Although a “final judgment of divorce” terminates a legal marriage between spouses, all too often, the parties will remain embroiled in litigation for years to come, particularly with respect to issues surrounding the care and custody of their minor children. Even the most well-drafted parenting plan cannot anticipate and preemptively resolve all of the disputes that inevitably arise when raising children, and the failure, inability, or outright refusal of one or both parents to communicate and reach an agreement with respect to these matters (such as whether Susie can get her ears pierced, if Johnny can sign up for football, and which parent should be responsible for picking up the children on a snow-day) can lead to repeated court appearances and thousands of dollars in legal fees. While child-related issues can always been modified upon a material change in circumstances, and some matters genuinely require the court’s intervention, many of these “day to day” disputes can be efficiently and cost-effectively resolved by the appointment of a “Parenting Coordinator” (“PC”).

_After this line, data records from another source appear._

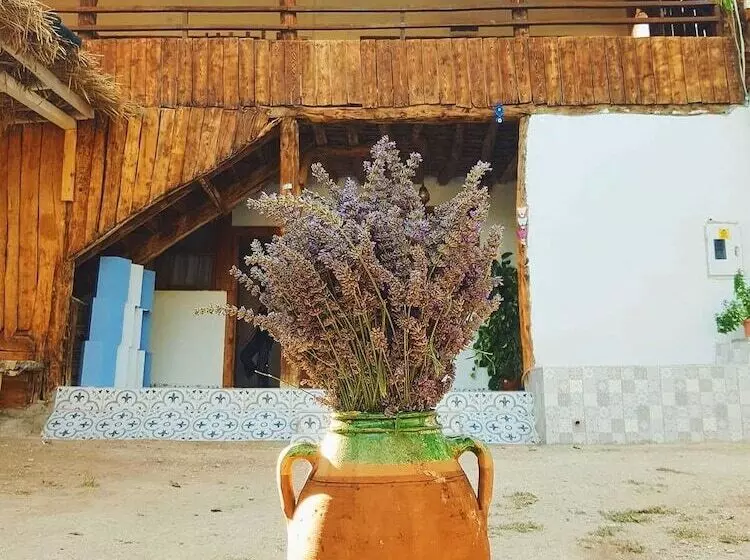 هتل Aliya Konak   Köy Evi Ve Lezzetleri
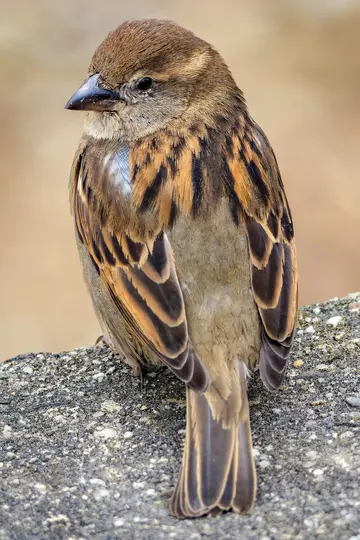 A close-up shot of a small brown bird with intricate feather patterns, perched on a grey, speckled surface, looking left.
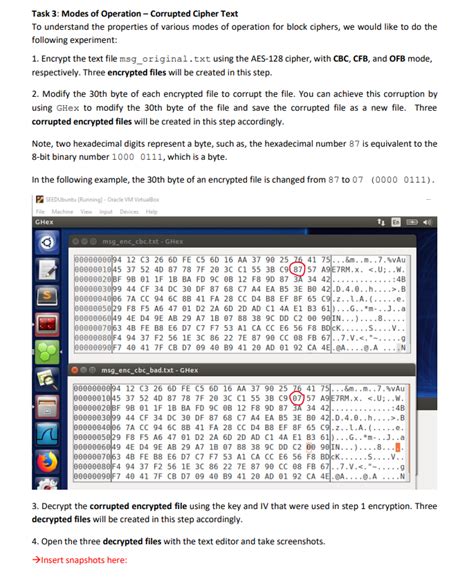 Image result for Secret Key Encryption Seed Task 7 Lab 4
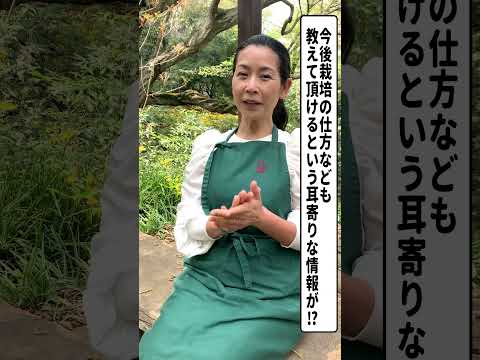医療ビジネス薬科学科 あさイチのご視聴ありがとうございました！#shorts
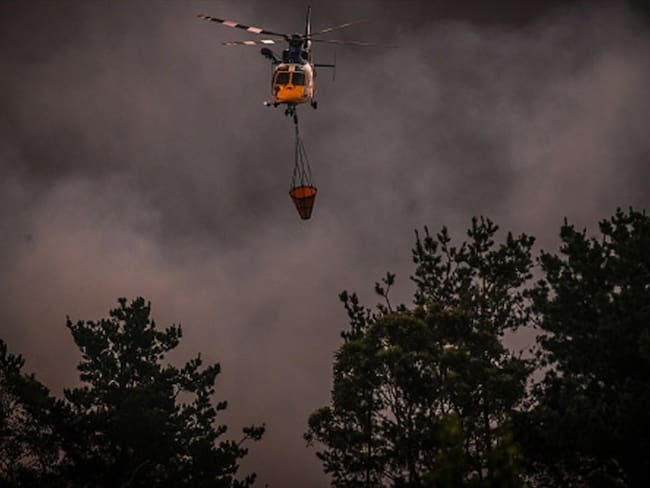 Sídney combate un fuego que ya arrasó 3 millones de hectáreas en todo Australia. Foto: Getty Images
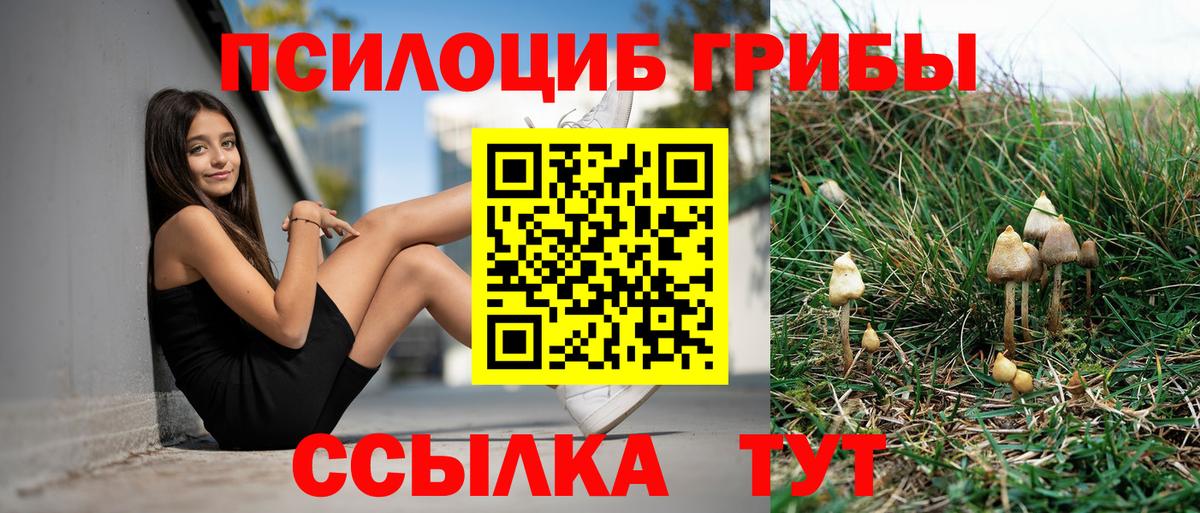 Кстово  Галлюциногенные грибы MAGIC MUSHROOMS  Вход с VPN 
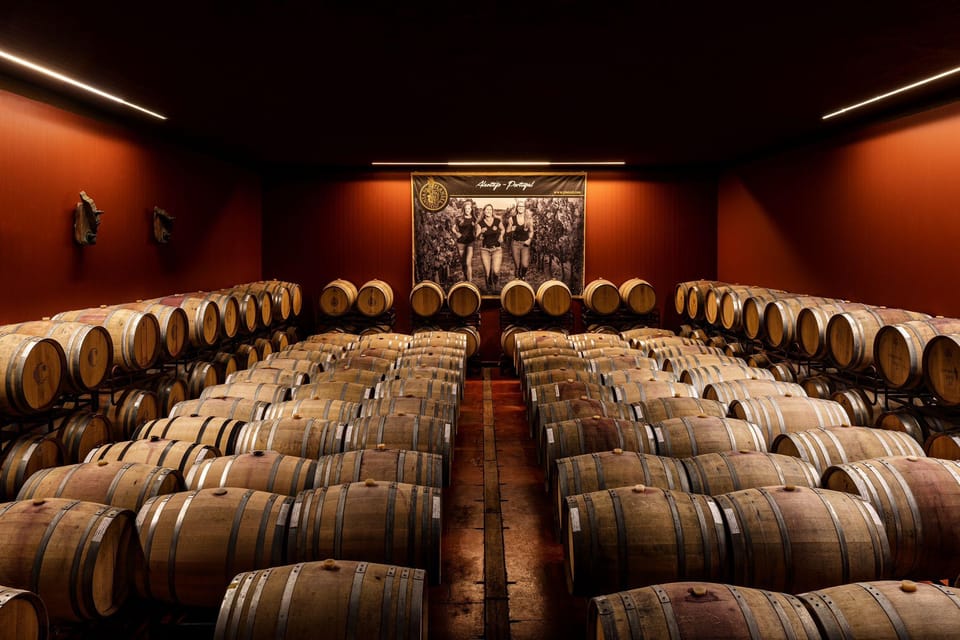 Évora or Montemor: Beekeeping, Chocolate factory, Wine tasting - Who Should Consider This Tour?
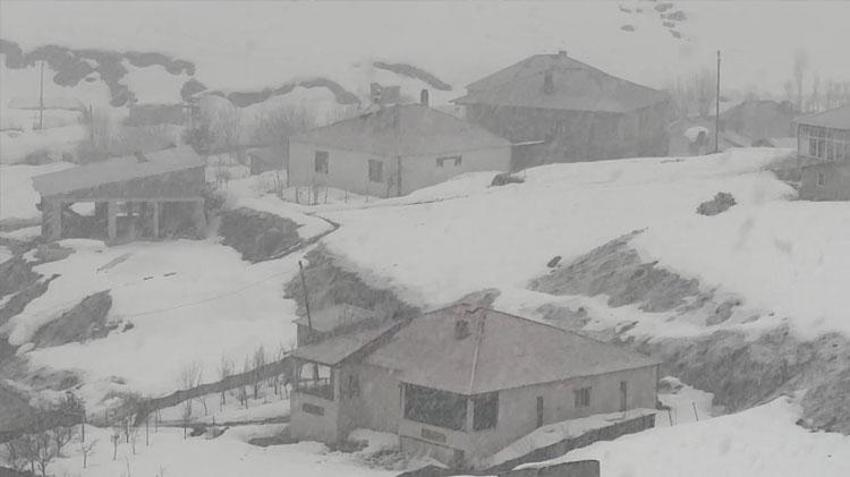 Hakkari Yüksekova’da lapa lapa kar yağışı başladı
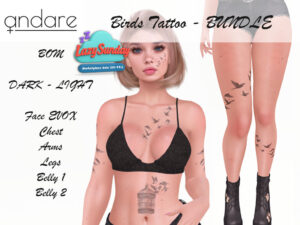 Andare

A Parenting Coordinator is a neutral individual, usually someone with experience both as a mediator and in child custody matters, who works with divorced parents to help them address and resolve post-settlement issues involving custody and parenting time. In some cases, a Parenting Coordinator may be given binding authority to resolve disputes if the parties are unable to reach a mediated agreement.
Although Judges are increasingly appointing Parenting Coordinators as ongoing mediators and/or arbitrators in contested cases, the legal footing of this practice is unclear as there is presently no statutory authority permitting same. However, a bill may soon be filed in the state legislature which, if passed, would grant the Court the authority to appoint a Parenting Coordinator under certain circumstances. The proposed bill also sets forth with specificity the role, duties and scope of authority of a Parenting Coordinator appointed to serve in this capacity.
The proposed bill, which is still in draft form, will permit the Probate and Family Court to appoint a Parenting Coordinator in divorce, custody and paternity cases upon the written consent of the parties. While the PC would assist the parties in addressing disputed, child-related issues, the appointment of a Parenting Coordinator would not divest the court of its exclusive jurisdiction over the entry and enforcement of orders related to the parties and any child, nor would the PC have the authority to modify child custody orders of the court. The proposed bill further provides: “When a child-related issue is disputed, the parenting coordinator shall first attempt to facilitate agreement between the parties, but absent agreement, the parenting coordinator shall resolve the contested issue. After a decision by the parenting coordinator, either party may, by motion, submit the disputed issue for de novo review by the court. Notwithstanding a motion filed by a party, the interim decision of the parenting coordinator shall remain effect until the court enters an order.” Parenting Coordinators would not be appointed in cased filed under M.G.L. 209A (Domestic Violence/Abuse Prevention Cases) and the appointment would initially be limited to a term not to exceed sixteen months.